Actualmente nos encontramos en esta situación, una coyuntura inestable por las últimas votaciones que podrían cambiar los esquemas en los que el mundo, al menos Occidente, se ha desenvuelto desde 1945: el Brexit; el ímpetu de movimientos nacionalistas y populistas al interior de Europa Occidental; y el triunfo de Trump en los Estados Unidos, que cuestiona los que han sido los lineamientos tradicionales de su país en materia alianzas políticas y libre comercio.
Esta coyuntura, si bien genera incertidumbre, aún no ha consolidado cambios dramáticos y no tiene necesariamente que hacerlo. Las instituciones internacionales y las de los propios estados pueden tener la solidez suficiente para modificar estas tendencias y corregir los problemas que han generado la decepción de algunos sectores de las sociedades desarrolladas en la globalización.
La globalización es un fenómeno imparable que ha traído consigo un crecimiento de las clases medias y una reducción de la pobreza sin precedentes a nivel mundial. Sin embargo, es también un fenómeno de acelerado desarrollo tecnológico y modernización de los aparatos productivos, además de interrelación cultural y social.
El avance de la tecnología no se detendrá, ni tampoco las cadenas globales de valor. Ambos son elementos esenciales de la competitividad internacional y la causa, en buena medida, del desfase de las empresas más tradicionales y el aumento del desempleo.
Cada una de las votaciones antisistema responde a situaciones diferentes, pero la relación entre la evolución tecnológica, el cierre de empresas tradicionales y el aumento del desempleo, es un punto en común.

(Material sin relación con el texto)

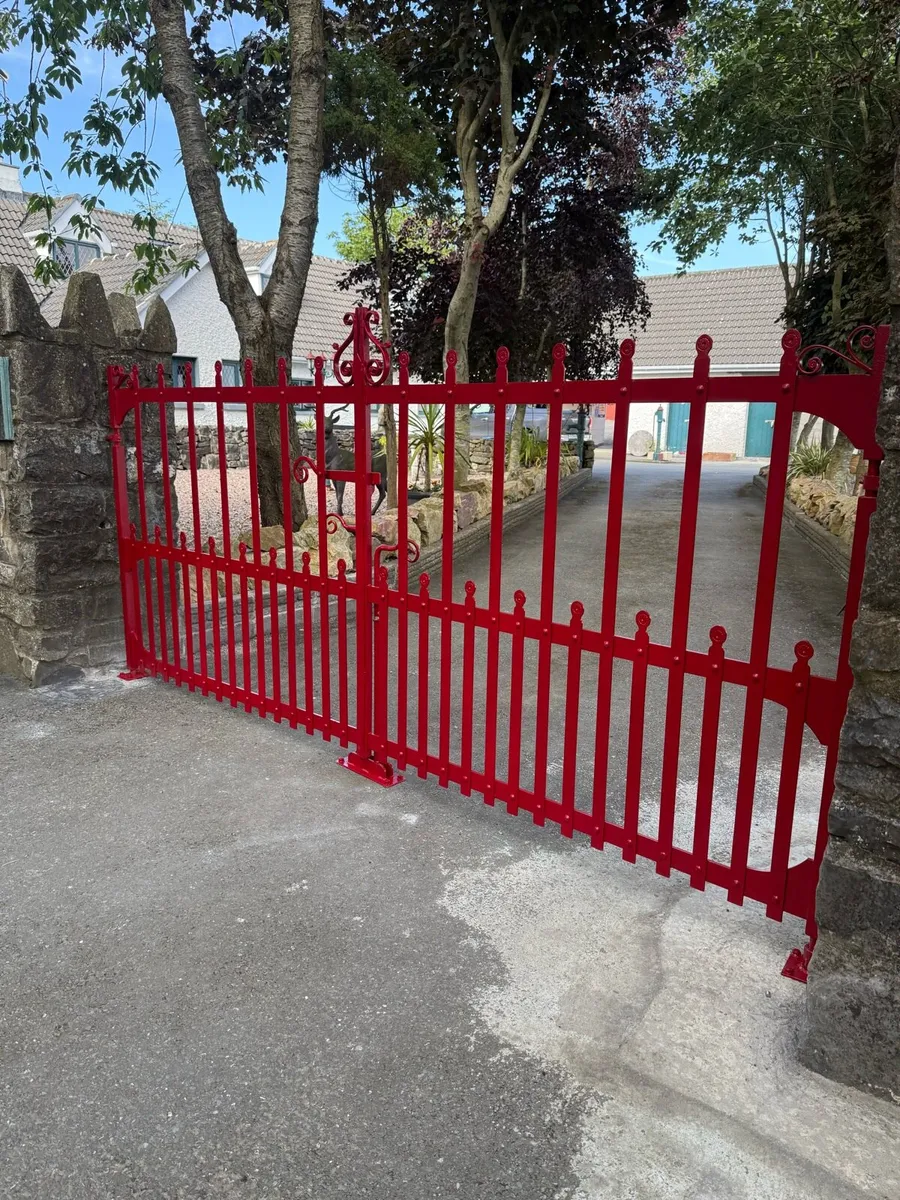 Iron gates - Image 1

Estados Unidos parece estar revaluando sus grandes acuerdos comerciales, como el TPP, NAFTA, el Acuerdo Transatlántico, entre otros. Los analistas se preguntan si la primera potencia mundial está modificando lo que ha sido la esencia de su involucramiento con el mundo a partir de la posguerra.

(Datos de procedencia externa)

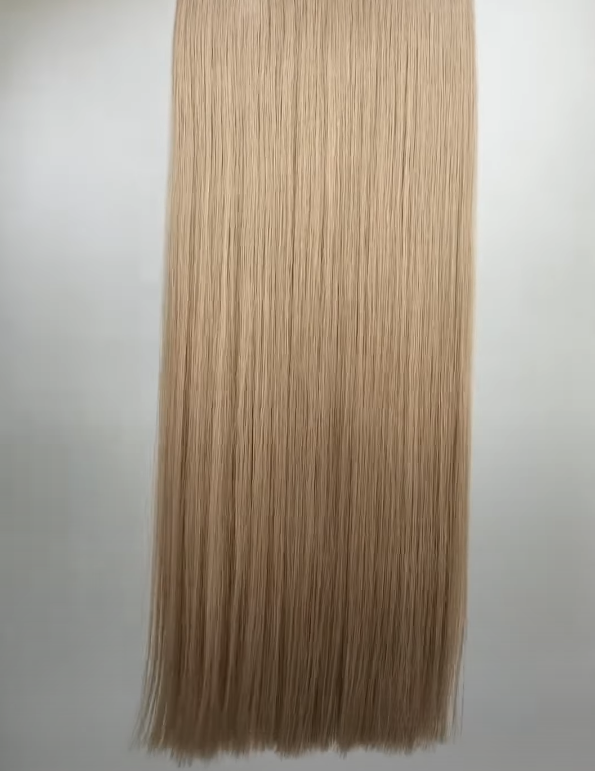 Luxury I Tip Keratin Hair Extensions #14 Medium Blonde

El debate en los EEUU sobre la conveniencia de asumir un liderazgo mundial es de larga data. Desde la II Guerra Mundial primaron la escuela Hamiltoniana, que sostiene la necesidad de desarrollar una arquitectura financiera y de seguridad que promueva un orden liberal global económico; y la Wilsoniana, que procura desarrollar un orden liberal global en términos de valores, como los derechos humanos y el estado de derecho.

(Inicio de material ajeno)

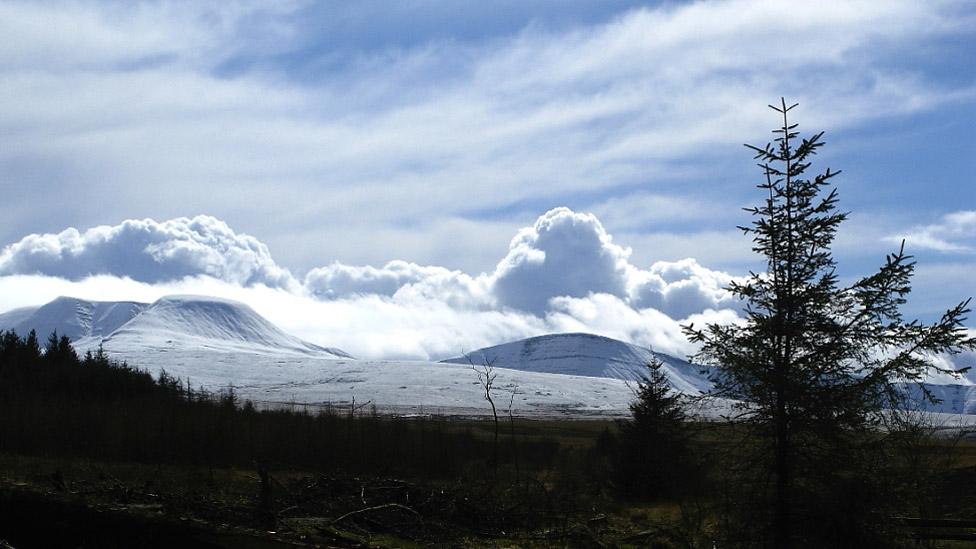 Clouds rolling over Fan Brycheiniog, Brecon Beacons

Sin embargo, de acuerdo a Walter Russell Mead, tendencias previas a la II Guerra Mundial, que no tienen una vocación globalista, están retomando posiciones. La posición del Presidente Trump, respondería al pensamiento de Andrew Jackson , para quienes su país no debe cumplir una misión universal, sino un “compromiso con la igualdad y dignidad de los ciudadanos estadounidenses”, en su propio país.
Por otro lado, Stewart M. Patrick, señala que Trump ofrece una política exterior nacionalista y transaccional, centrada en asegurar “narrow material gains” para los Estados Unidos, sin dar a conocer su rol como defensor del orden mundial liberal que ha defendido desde 1945.
Lo importante es centrarse en las tendencias de largo plazo. Las potencias emergentes buscan su espacio en el sistema internacional, y este proceso se acelera si se percibe un repliegue de la principal potencia en materia comercial. Los vacíos de poder generan luchas entre los aspirantes, e inevitablemente, esos espacios se ocupan. De consolidarse esta tendencia, se avecina un sistema internacional en movimiento y más diversificado.